Kmart workers across the country are witnessing a strange phenomenon. Anonymous donors are helping complete strangers pay for their layaway accounts this holiday season.
In Indianapolis, a woman stepped up to pay for around 50 people’s layaway accounts. She said she was doing it as a memorial to her husband who had just died, according to The Associated Press. She handed out $50 bills to a few customers, and at the cash register she paid for two carts of toys for a woman standing in line.
The generous woman even caused a grown man to cry when she told him she was going to pay for his bill at the layaway counter, AP reported. He had three children with him, and she heard him request to put his payment on his bill because he couldn’t afford all of their gifts before Christmas.
"She told him, 'No, I'm paying for it,'" recalled Edna Deppe, assistant manager at the store in Indianapolis, to AP. “He just stood there and looked at her and then looked at me and asked if it was a joke. I told him it wasn't, and that she was going to pay for him. And he just busted out in tears."
It’s not just happening in Indianapolis though. Customers in Nebraska, Michigan, Iowa, Indiana and Montana have gotten calls from their local Kmart letting them know someone paid off their account.
Kmart executives aren’t sure if it’s an organized event, but they do say people paying off layaway accounts seems to have begun in Michigan.

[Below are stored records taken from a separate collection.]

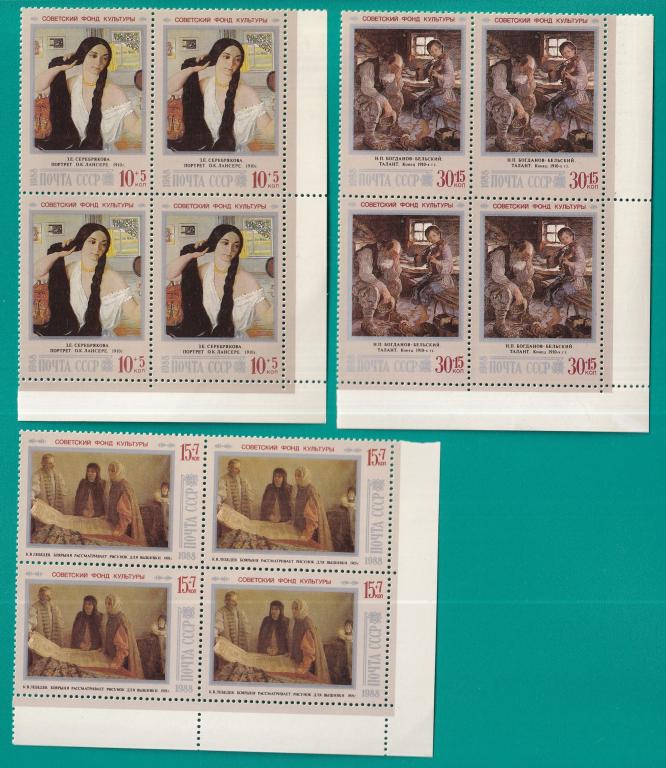 1988 5979-5981 Живопись. Квартблоки **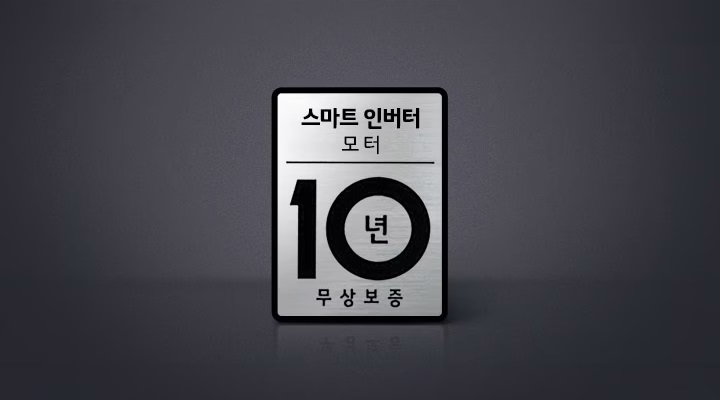LGB2B특판 이미지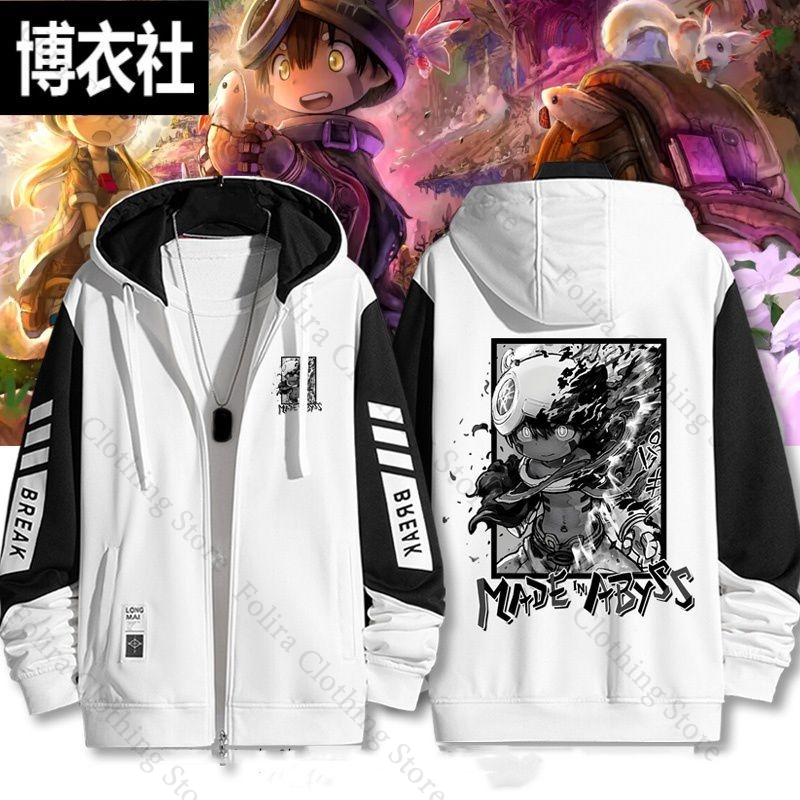 Anime Made in Abyss Print Hood - Embroidery Zip Up Hoodie 评论和价格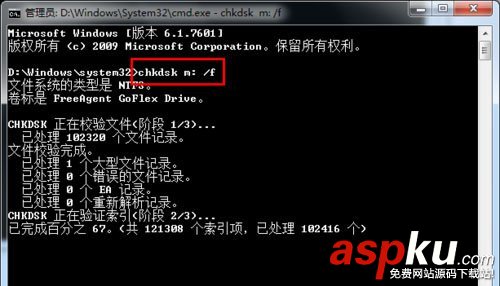 Win7系統可移動磁盤打不開的原因及解決辦法 win7可移動磁盤打不開,win7可移動磁盤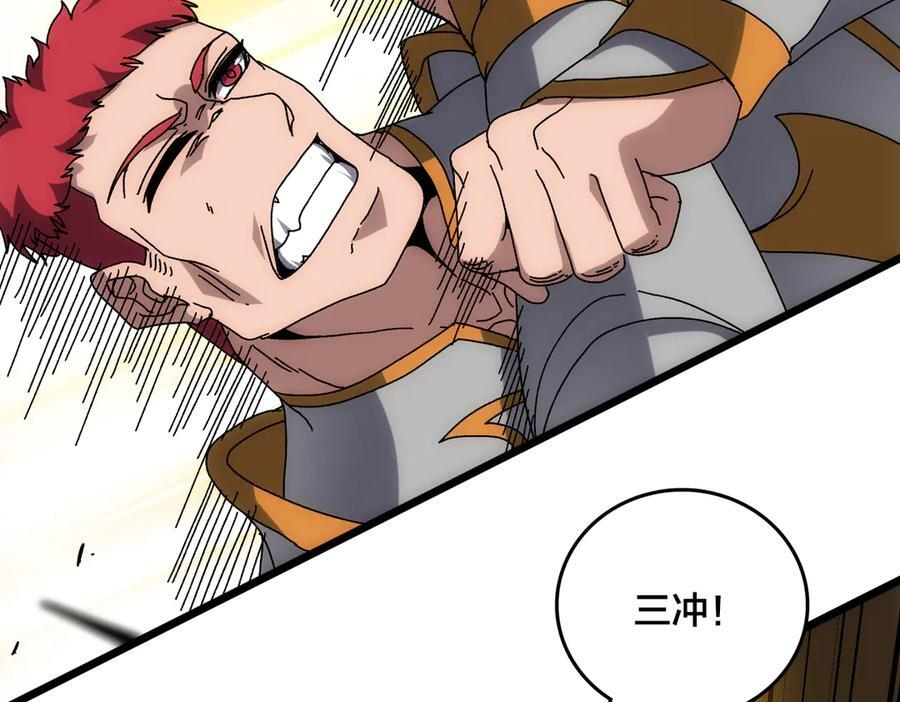 第72话 暴露 第86页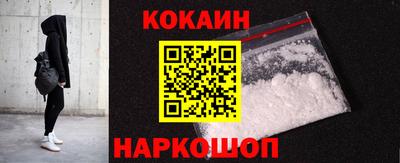 круглые Ипатово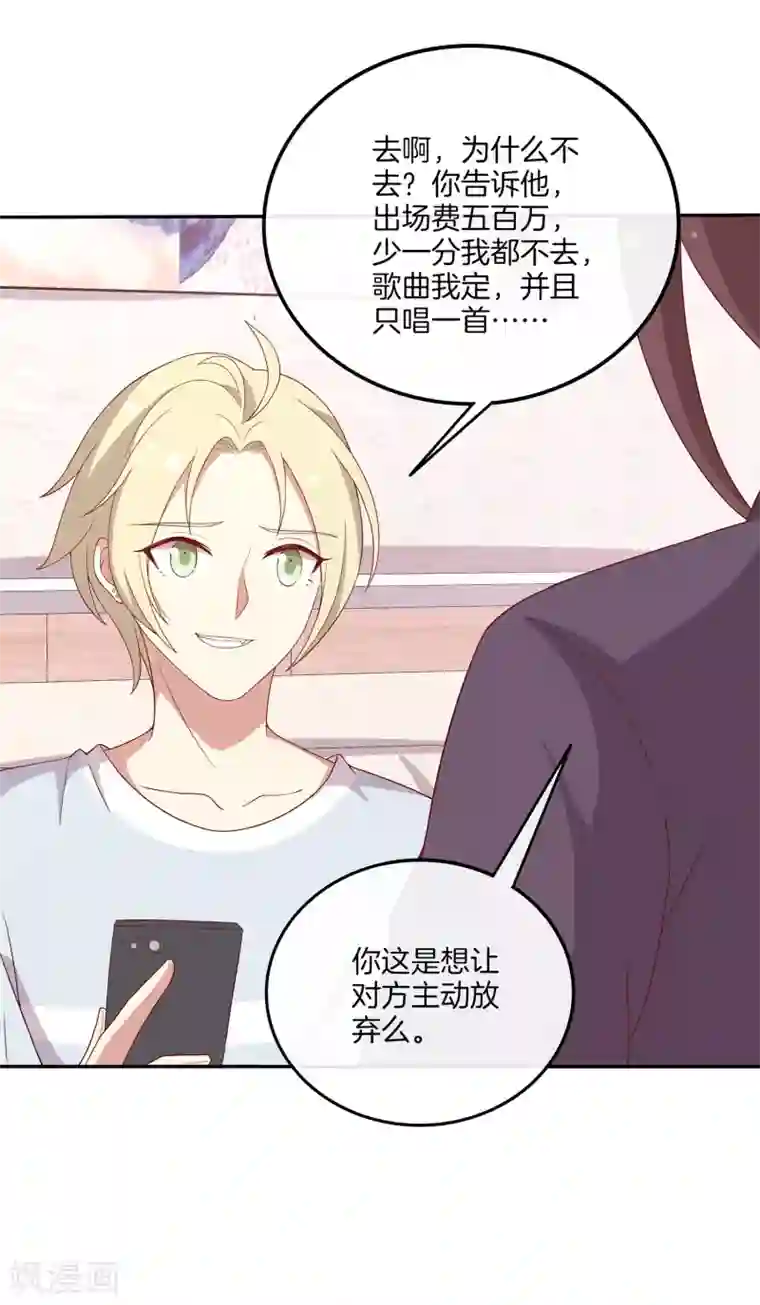 谭下镇人在深圳当官第69话 辣眼睛的林棠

In Concord, N.C., Assistant Manager for the area Kmart John Bopp told CP that every year there are a few accounts that donors pay off, but it seems to be really catching on this year. It recently happened at his store when a woman came in and paid for four layaway accounts.
“Everybody wants everything anonymous,” Bopp told CP. So when someone comes in the store asking to help pay off an account, the store managers look first at the people who are behind on their payments. Then they assign those accounts to donors looking to help.
Bopp said he hasn’t seen or heard about the reaction of those who were helped at his store, but he’s “sure they’ll be thrilled” because the spirit behind it is really about people helping others.
Salima Yala, Kmart's division vice president for layaway, echoed Bopp’s sentiment when she told AP, "It is honestly being driven by people wanting to do a good deed at this time of the year."
Many of the benefactors who come in to Kmart stores request to help families who have put toys and items for children on their layaway account. Some of them pay for part of the balance, others pay for everything.
A woman came into an Omaha, Neb., Kmart and paid off five people’s accounts. She remembered how hard it was for her mom to pay off layaway accounts when she was younger and wanted to help people in that situation.
In Missoula, Mont., a man paid down the balances of six customers whose layaway orders were about to expire. If it wasn’t for his efforts, all of their items would have been returned to the Kmart inventory because of late payments. He spent more than $1,200 to pay for it all.